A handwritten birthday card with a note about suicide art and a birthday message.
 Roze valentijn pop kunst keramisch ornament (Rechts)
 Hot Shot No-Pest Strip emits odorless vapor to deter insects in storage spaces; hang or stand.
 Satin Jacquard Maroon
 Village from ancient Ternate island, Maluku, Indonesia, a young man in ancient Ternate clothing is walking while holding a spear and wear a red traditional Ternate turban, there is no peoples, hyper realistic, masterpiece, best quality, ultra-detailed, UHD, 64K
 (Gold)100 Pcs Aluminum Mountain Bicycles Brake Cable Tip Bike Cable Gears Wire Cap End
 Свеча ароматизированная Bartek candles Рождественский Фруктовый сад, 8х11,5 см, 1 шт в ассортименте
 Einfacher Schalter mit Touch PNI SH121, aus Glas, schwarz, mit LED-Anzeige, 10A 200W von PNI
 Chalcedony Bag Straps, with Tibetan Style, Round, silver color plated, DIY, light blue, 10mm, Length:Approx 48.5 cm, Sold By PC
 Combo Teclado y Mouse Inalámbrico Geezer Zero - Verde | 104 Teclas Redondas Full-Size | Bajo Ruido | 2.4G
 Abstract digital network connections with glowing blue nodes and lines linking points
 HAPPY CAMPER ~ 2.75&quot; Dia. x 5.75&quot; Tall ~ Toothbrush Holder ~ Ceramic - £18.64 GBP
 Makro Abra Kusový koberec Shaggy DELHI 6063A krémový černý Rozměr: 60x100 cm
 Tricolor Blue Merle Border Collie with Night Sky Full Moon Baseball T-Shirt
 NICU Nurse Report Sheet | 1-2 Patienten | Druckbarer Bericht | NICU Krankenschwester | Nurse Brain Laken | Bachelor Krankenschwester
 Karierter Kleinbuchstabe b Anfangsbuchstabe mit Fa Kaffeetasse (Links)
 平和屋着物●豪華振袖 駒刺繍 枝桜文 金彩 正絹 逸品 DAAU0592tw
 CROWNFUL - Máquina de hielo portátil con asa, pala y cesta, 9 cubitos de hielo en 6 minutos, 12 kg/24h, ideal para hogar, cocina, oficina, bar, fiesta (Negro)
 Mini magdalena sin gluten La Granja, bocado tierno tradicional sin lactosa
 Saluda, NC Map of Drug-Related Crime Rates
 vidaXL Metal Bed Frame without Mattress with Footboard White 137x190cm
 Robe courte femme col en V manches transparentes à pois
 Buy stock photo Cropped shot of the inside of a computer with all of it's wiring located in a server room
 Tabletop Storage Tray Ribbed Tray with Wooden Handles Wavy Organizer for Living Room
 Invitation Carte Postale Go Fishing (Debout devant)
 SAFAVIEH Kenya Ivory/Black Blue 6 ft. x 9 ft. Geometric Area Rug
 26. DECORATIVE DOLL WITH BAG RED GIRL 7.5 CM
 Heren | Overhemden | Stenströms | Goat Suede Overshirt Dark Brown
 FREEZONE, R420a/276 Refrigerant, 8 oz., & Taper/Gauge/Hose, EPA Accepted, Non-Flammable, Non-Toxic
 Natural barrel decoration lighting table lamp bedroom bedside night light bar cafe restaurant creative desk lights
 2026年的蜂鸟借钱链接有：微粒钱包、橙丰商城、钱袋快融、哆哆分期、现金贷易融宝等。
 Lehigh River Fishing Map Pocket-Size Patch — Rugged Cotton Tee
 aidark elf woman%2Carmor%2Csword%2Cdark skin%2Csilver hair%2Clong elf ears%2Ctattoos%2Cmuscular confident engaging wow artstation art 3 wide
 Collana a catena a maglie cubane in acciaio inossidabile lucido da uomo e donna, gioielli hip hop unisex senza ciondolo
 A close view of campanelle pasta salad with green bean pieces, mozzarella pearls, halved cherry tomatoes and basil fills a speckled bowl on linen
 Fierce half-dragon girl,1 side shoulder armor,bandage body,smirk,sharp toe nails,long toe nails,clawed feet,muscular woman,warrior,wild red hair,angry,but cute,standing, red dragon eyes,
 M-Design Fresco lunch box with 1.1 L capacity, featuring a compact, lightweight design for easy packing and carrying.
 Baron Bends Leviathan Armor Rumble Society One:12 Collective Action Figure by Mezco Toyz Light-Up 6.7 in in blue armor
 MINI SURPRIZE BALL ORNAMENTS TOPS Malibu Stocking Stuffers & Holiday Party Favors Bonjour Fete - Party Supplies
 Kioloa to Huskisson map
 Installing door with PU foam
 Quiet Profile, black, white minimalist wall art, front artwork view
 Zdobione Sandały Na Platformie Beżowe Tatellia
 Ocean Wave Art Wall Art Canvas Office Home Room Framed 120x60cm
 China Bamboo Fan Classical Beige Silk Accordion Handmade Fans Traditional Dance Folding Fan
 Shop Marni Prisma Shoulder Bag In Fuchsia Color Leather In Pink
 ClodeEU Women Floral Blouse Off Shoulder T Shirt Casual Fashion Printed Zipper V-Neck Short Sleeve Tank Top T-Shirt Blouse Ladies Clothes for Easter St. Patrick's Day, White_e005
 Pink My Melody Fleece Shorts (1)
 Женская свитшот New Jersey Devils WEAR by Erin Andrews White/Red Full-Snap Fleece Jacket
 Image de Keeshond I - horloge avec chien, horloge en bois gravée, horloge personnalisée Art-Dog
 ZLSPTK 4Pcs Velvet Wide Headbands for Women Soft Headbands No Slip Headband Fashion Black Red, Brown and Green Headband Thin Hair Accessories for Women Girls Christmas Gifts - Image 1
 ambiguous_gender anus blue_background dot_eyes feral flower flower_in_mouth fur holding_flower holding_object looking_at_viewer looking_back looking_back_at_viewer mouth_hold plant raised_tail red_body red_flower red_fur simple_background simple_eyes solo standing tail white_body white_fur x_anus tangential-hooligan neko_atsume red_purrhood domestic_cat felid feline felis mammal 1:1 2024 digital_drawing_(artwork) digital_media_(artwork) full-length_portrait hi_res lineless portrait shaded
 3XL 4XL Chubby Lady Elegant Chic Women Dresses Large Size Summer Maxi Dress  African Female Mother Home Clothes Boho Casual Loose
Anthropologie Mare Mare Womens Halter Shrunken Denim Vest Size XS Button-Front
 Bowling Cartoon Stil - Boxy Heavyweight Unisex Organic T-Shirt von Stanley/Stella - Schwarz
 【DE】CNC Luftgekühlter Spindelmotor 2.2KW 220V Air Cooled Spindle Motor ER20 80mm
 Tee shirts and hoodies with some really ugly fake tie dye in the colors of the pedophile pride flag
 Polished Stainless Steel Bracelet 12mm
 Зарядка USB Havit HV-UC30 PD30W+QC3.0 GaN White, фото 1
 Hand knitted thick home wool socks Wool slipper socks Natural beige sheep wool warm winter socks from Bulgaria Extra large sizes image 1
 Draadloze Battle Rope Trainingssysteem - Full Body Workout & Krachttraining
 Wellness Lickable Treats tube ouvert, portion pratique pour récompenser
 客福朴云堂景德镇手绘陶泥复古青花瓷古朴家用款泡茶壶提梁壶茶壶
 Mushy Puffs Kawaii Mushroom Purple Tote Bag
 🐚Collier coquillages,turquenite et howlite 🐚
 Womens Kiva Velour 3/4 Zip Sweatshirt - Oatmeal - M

________________________

▶ [Description of the task] Take from the material above the lines running from the one with "Saluda, NC Map of Drug-Related Crime Rates" through the one with "Lehigh River Fishing", and repeat them exactly, with nothing else.

▶ [Completed exercise]
 Saluda, NC Map of Drug-Related Crime Rates
 vidaXL Metal Bed Frame without Mattress with Footboard White 137x190cm
 Robe courte femme col en V manches transparentes à pois
 Buy stock photo Cropped shot of the inside of a computer with all of it's wiring located in a server room
 Tabletop Storage Tray Ribbed Tray with Wooden Handles Wavy Organizer for Living Room
 Invitation Carte Postale Go Fishing (Debout devant)
 SAFAVIEH Kenya Ivory/Black Blue 6 ft. x 9 ft. Geometric Area Rug
 26. DECORATIVE DOLL WITH BAG RED GIRL 7.5 CM
 Heren | Overhemden | Stenströms | Goat Suede Overshirt Dark Brown
 FREEZONE, R420a/276 Refrigerant, 8 oz., & Taper/Gauge/Hose, EPA Accepted, Non-Flammable, Non-Toxic
 Natural barrel decoration lighting table lamp bedroom bedside night light bar cafe restaurant creative desk lights
 2026年的蜂鸟借钱链接有：微粒钱包、橙丰商城、钱袋快融、哆哆分期、现金贷易融宝等。
 Lehigh River Fishing Map Pocket-Size Patch — Rugged Cotton Tee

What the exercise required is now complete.